Or, in case of a Jackson ObjectMapper in the camel-jackson data-format:

camel.dataformat.json-jackson.object-mapper=myJacksonMapper

4.3. Auto-configured Camel context

Camel auto-configuration provides a CamelContext instance and creates a SpringCamelContext. It also initializes and performs shutdown of that context. This Camel context is registered in the Spring application context under camelContext bean name and you can access it like other Spring bean.

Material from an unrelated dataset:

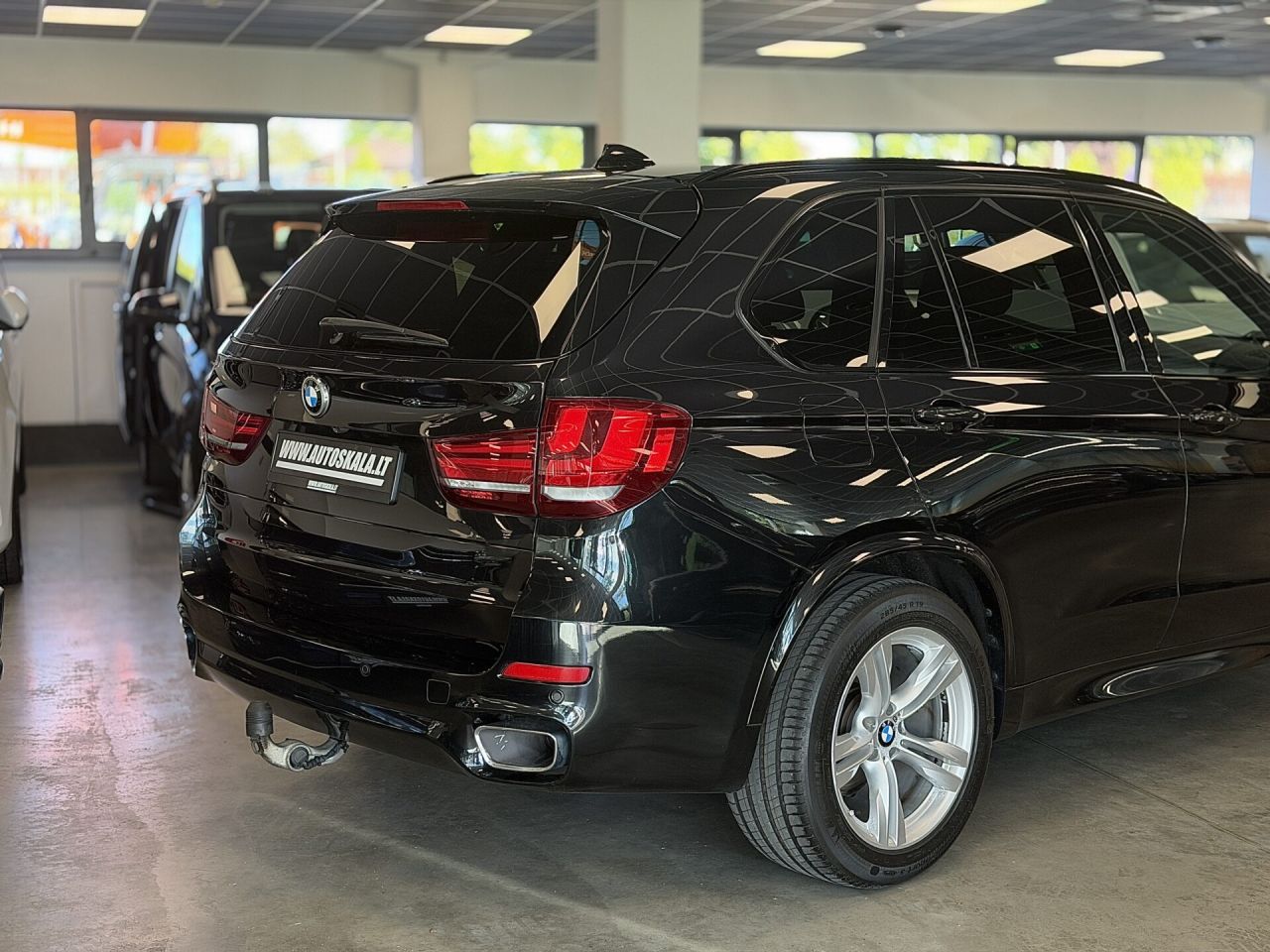 BMW X5 | 12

For example, you can access the camelContext as shown below:

@Configuration
public class MyAppConfig {

  @Autowired
  CamelContext camelContext;

  @Bean
  MyService myService() {
    return new DefaultMyService(camelContext);
  }

}

4.4. Auto-detecting Camel routes

Camel auto configuration collects all the RouteBuilder instances from the Spring context and automatically injects them into the CamelContext. It simplifies the process of creating new Camel route with the Spring Boot starter. You can create the routes by adding the @Component annotated class to your classpath.

@Component
public class MyRouter extends RouteBuilder {

  @Override
  public void configure() throws Exception {
    from("jms:invoices").to("file:/invoices");
  }

}

To create a new route RouteBuilder bean in your @Configuration class, see below:

@Configuration
public class MyRouterConfiguration {

  @Bean
  RoutesBuilder myRouter() {
    return new RouteBuilder() {

      @Override
      public void configure() throws Exception {
        from("jms:invoices").to("file:/invoices");
      }

    };
  }
 
}

4.5. Camel properties

Spring Boot auto configuration automatically connects to Spring Boot external configuration such as properties placeholders, OS environment variables, or system properties with Camel properties support.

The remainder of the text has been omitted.